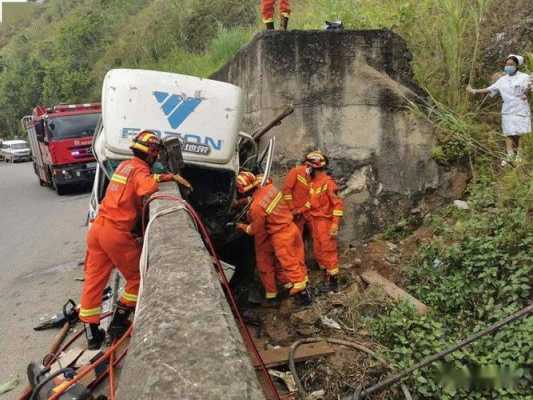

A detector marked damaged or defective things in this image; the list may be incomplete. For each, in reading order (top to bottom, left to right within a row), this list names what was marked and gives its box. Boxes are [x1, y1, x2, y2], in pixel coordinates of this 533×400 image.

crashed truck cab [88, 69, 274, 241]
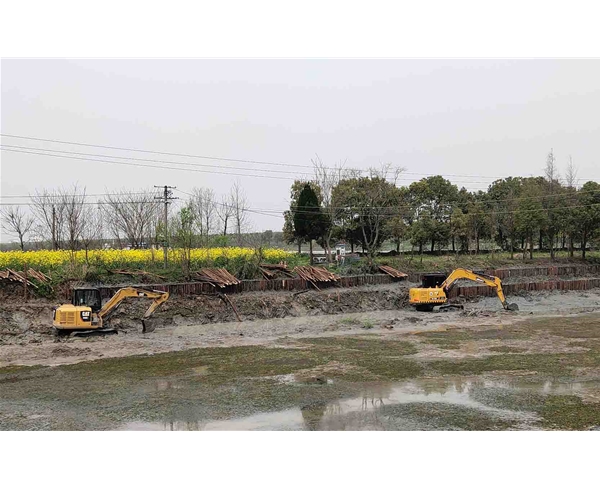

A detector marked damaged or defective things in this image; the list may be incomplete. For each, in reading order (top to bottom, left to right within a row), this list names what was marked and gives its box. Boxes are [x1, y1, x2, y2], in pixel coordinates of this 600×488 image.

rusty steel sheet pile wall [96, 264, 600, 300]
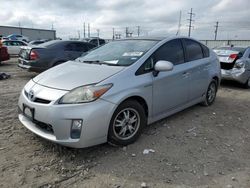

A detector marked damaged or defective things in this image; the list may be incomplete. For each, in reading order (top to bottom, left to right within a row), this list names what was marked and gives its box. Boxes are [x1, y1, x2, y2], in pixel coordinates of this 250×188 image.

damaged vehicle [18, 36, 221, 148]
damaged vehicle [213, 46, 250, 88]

TASK DIRECTIONS: Repeat the data verbatim, excluding all pictures.

WRITTEN ANSWER:
A detector marked damaged or defective things in this image; the list may be incomplete. For each, in reading order (top to bottom, left to right within a row), this list names what was marked and gives its box. Boxes are [x1, y1, x2, y2], in pixel coordinates of this 533×400 image.

crashed truck cab [88, 69, 274, 241]

A detector marked damaged or defective things in this image; the list may be incomplete. For each, in reading order (top to bottom, left to right within a row), this list names what was marked and gives its box. Boxes are [x1, y1, x2, y2], in pixel coordinates of this 600×488 image.

rusty steel sheet pile wall [96, 264, 600, 300]

A detector marked damaged or defective things in this image; the list may be incomplete. For each, in reading order (top to bottom, left to right within a row), this list names what was marked and gives its box. Boxes are [x1, y1, x2, y2], in pixel coordinates of this 250×188 image.

damaged vehicle [18, 36, 221, 148]
damaged vehicle [213, 46, 250, 88]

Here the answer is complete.